Elle fait valoir qu'il est clairement indiqué que:

- la liste des gagnants et la liste des prix correspondent à un ordre aléatoire,

- il n'existe aucune corrélation entre la liste des gagnants et la liste des prix,

- le règlement fixe expressément les conditions de jeu auxquelles les plaignants ont adhéré et dont ils ne veulent plus respecter les règles.

Elle fait observer que la jurisprudence a, à de nombreuses reprises, souligné qu'il convenait de ne pas sous-estimer l'intelligence et la perspicacité du consommateur moyen, parfaitement familiarisé avec ce type de promotion publicitaire;

Monsieur l'Avocat général fait observer pour sa part que l'exception "non bis in idem" devrait pouvoir s'appliquer en l'espèce.
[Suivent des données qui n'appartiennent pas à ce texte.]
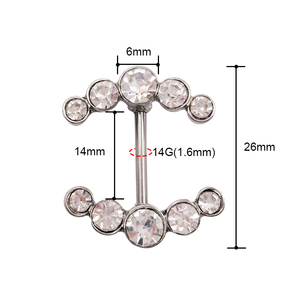 Sexy Clear Colorful Crystal Love Dangle <strong>Nipple</strong> Piercing <strong>Shields</strong> Bars Women <strong>Body</strong> Piercing - Product Image 6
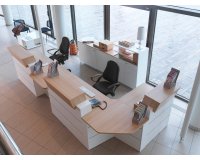 Empfangstheke in L-Form 363 x 163 cm Quadri Eiche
Subsidiairement au fond, il souligne qu'il y a bien eu publicité trompeuse et il s'en remet à l'appréciation de la cour sur le montant de l'amende, qui ne devrait pas toutefois être inférieure à 6 000 F et sur la mesure de publication de la décision;

Sur l'exception "non bis in idem"

Considérant que vainement Françoise X soulève l'exception "non bis in idem;

Considérant en effet que les faits visés à la prévention portent sur une publicité spécifique annonçant mensongèrement à M. Nicolas Henry qu'il avait gagné un téléviseur Sony;

Que cette publicité illicite, clairement individualisée à l'égard de M. Nicolas Henry, non seulement par l'exposé de son nom, de son adresse mais également d'un numéro de participation n'a été jugée ni par la Cour d'appel de Grenoble ni par celle d'Aix-en-Provence, qui se sont prononcées sur des faits similaires, mais non identiques, étant observé qu'en l'espèce, l'effet d'accroche recherché par l'individualisation de l'annonce (grâce à votre numéro personnel) est particulièrement déterminant;

Que la cour dès lors rejettera l'exception soulevée et statuera sur le fond;

Sur le fond:

Considérant que la cour ne saurait suivre Françoise X en ses explications;

Considérant en effet que c'est par des motifs pertinents que la cour fait siens et par une juste appréciation des faits et circonstances particulières de la cause exactement rapportée dans la décision attaquée, que les premiers juges ont, à bon droit, retenu Françoise X dans les liens de la prévention;

Que la cour observe pour sa part que malgré les arguties de Françoise X, il apparaît clairement que tout était calculé dans la publicité litigieuse pour donner l'illusion à M. Nicolas qu'il avait gagné un prix important (une télévision couleur) alors qu'en réalité, il ne lui était octroyé qu'un "compact disc" sans réelle valeur;

Considérant que la cour confirmera le jugement critiqué sur la déclaration de culpabilité ainsi que sur la peine d'amende prononcée qui constitue une juste application de la loi pénale;

Que la cour par ailleurs ordonnera la publication par extrait de l'arrêt à intervenir, aux frais de la condamnée, dans les revues 50 millions de consommateurs et Que choisir ?;

Par ces motifs et ceux non contraires des premiers juges qu'elle adopte expressément, LA COUR, Statuant publiquement et contradictoirement, Reçoit Françoise X en son opposition, Met à néant l'arrêt du 23 juin 1998, Statuant à nouveau, Rejette l'exception "non bis in idem" soulevée par Françoise X, Confirme le jugement critiqué sur la déclaration de culpabilité et sur la peine d'amende prononcée, Le modifiant pour le surplus, Ordonne la publication par extraits du présent arrêt, aux frais de la condamnée, dans les revues "50 millions de consommateurs" et "Que choisir ?", Rejette toutes conclusions plus amples ou contraires, Dit que cette décision est assujettie au droit fixe de procédure de 800 F dont est redevable la condamnée.